Palatine, Illinois school district support staff return to picket lines

Over 160 support staff in the Chicago suburban school district of Palatine, Illinois returned to the picket lines on October 25 after a judge lifted a temporary restraining order that prevented them from striking. The support staff at Community Consolidated School District 15 rejoined the remaining support staff already on strike over the poverty conditions they face.

The workers have been working without a contract since July 1, even as negotiations for a new contract began in February. After a federal mediator failed to negotiate a contract settlement, the 464 support staff—including nurses, special education classroom aides, secretaries, clerical workers and other staff—walked out on October 16. The workers are represented in the contract dispute by the Education Support Personnel Association (ESPA), which is affiliated with the Illinois Education Association (IEA) and its national counterpart.
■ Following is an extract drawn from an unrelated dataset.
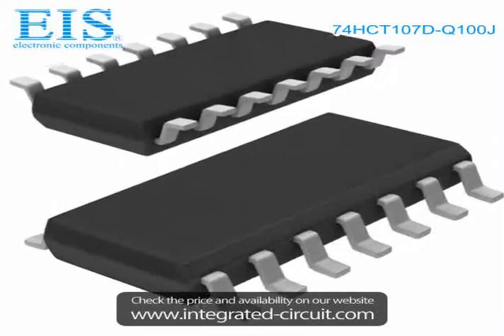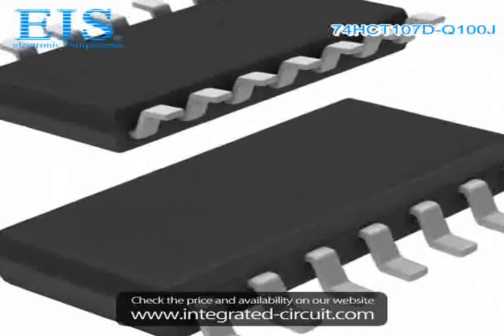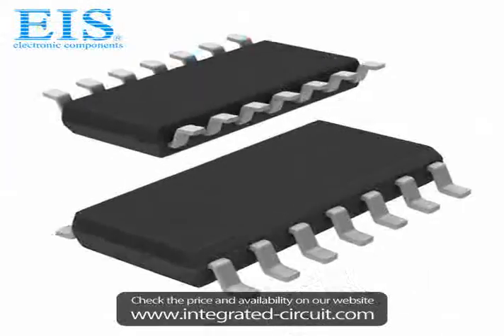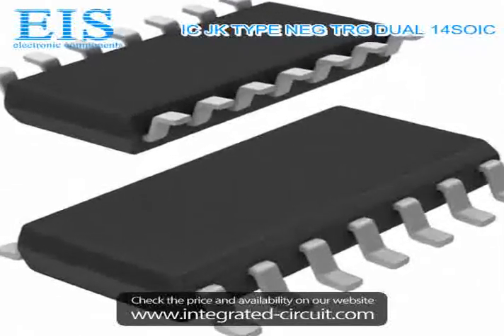Hello, this is Tams from Excellency Integrated System Limited. We are a professional stocking distributor of electronic components. We have many components in stock which can be shipped immediately after order.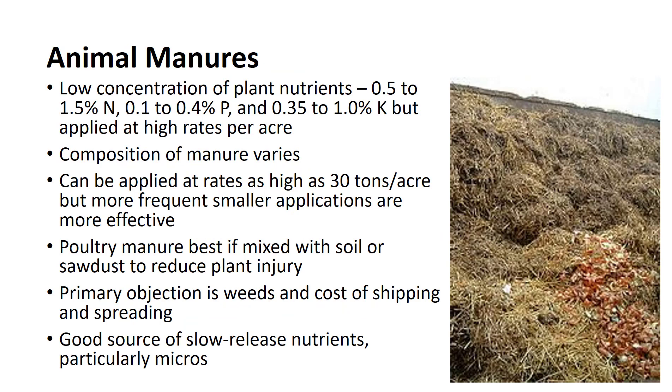Animal manures have long been used as a source of organic matter and plant nutrients, although manure contains relatively low concentrations of plant nutrients on a percentage basis: 0.5 to 1.5 percent nitrogen, 0.1 to 0.4 percent phosphorus, and 0.35 to 1 percent potassium. They contain appreciable amounts when applied at relatively high rates per acre. The actual composition of manure varies considerably.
The support staff went on strike to fight low wages and declining working conditions. Many of these workers make starvation wages as low as $11 an hour, pay high out-of-pocket health care costs and are forced to work a second or a third job just to make ends meet. These low-paid support staff work in Palatine Township District 15, which is the third-largest elementary-only district in Illinois, and serves over 12,600 students in the northwestern Chicago suburbs—including Palatine, Arlington Heights, Hoffman Estates, Rolling Meadows and portions of other towns.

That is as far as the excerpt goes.